Będzie rondo Tadeusza Mazowieckiego. Radni PiS: „Postać kontrowersyjna”

Rondo w gdańskiej Letnicy będzie nosiło imię Tadeusza Mazowieckiego. Zgodzili się na to podczas sesji miejscy radni, popierając projekt prezydenta Pawła Adamowicza.

Radni Prawa i Sprawiedliwości zagłosowali przeciw.
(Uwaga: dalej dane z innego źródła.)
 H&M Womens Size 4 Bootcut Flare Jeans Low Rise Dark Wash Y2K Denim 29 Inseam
W uzasadnieniu napisano o zasługach pierwszego premiera III Rzeczypospolitej i o tym, że kładł on fundamenty pod budowę demokratycznego państwa.

RADNY PO: ŚWIETNY PATRON

To świetny patron – uważa radny PO Piotr Borawski. – To symboliczne, że jego imię będzie nosiło rondo miedzy nowymi symbolami Gdańska – stadionem a tunelem pod Martwą Wisłą. On jest symbolem przemian w Gdańsku i całym kraju, bez niego te inwestycje nie byłyby możliwe.
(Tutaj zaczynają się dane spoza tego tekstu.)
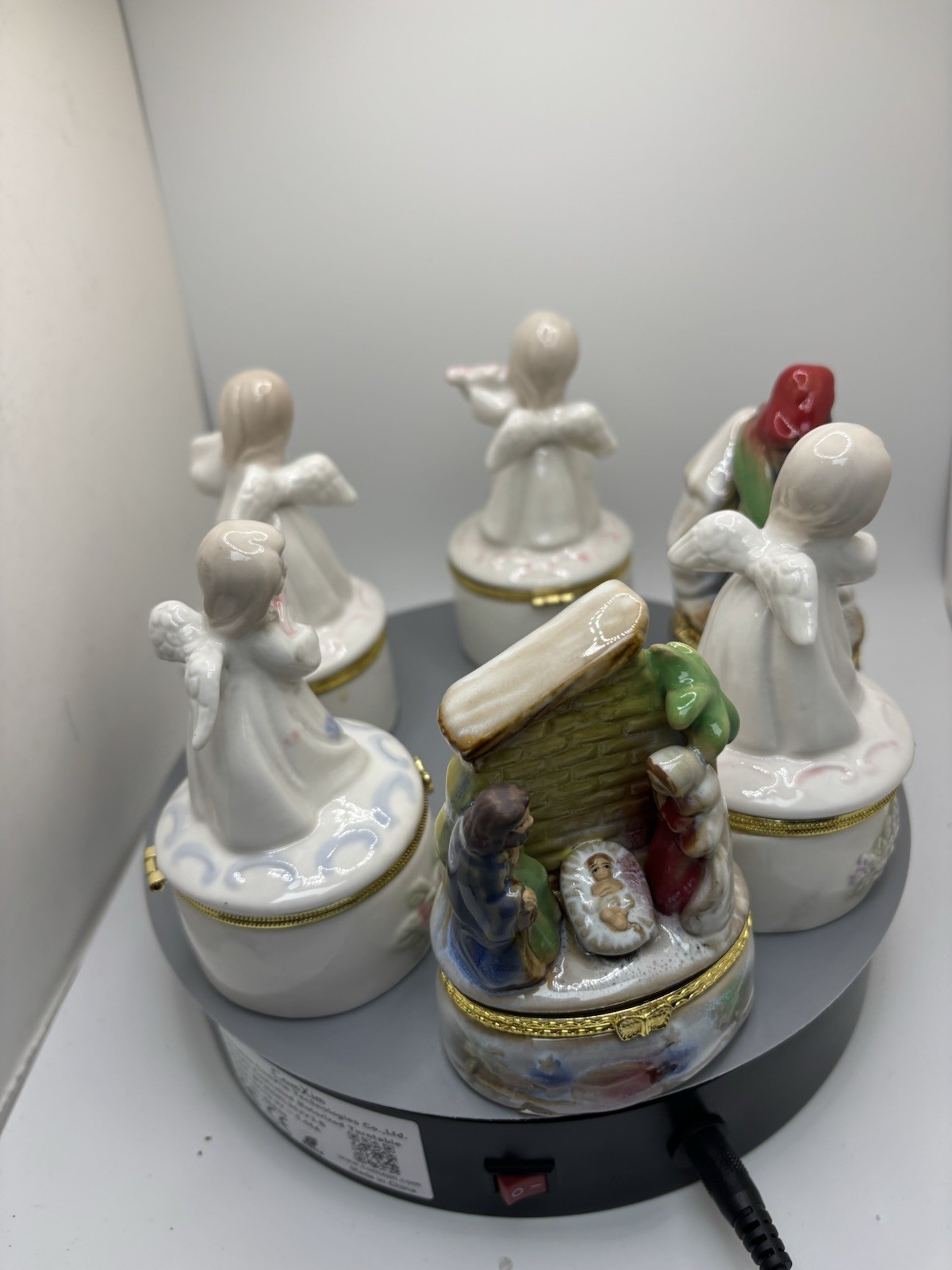 Lot of Porcelain Trinket Boxes Angels Nativity Bird Hinged Decorative Keepsake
RADNA PIS: JEGO ROLA W OKRESIE TRANSFORMACJI NIE DO PRZYJĘCIA

Radna PiS Anna Kołakowska uważa, że Tadeusz Mazowiecki to postać kontrowersyjna, z której nikt nie powinien brać przykładu. – Był zaangażowany w działalność przeciwko żołnierzom podziemia niepodległościowego po wojnie, prowadził działalność za plecami kardynała Stefana Wyszyńskiego. Nie do przyjęcia jest dla mnie rola Tadeusza Mazowieckiego w okresie transformacji. Dotyczy to nie tylko polityki grubej kreski czy braku dekomunizacji państwa. Ale to też sytuacja, w której funkcjonariusze tajnych służb PRL, prominentni działacze PZPR mogli przejąć majątek narodowy, uwłaszczyć się i stać się posiadaczami dóbr materialnych – mówi Kołakowska.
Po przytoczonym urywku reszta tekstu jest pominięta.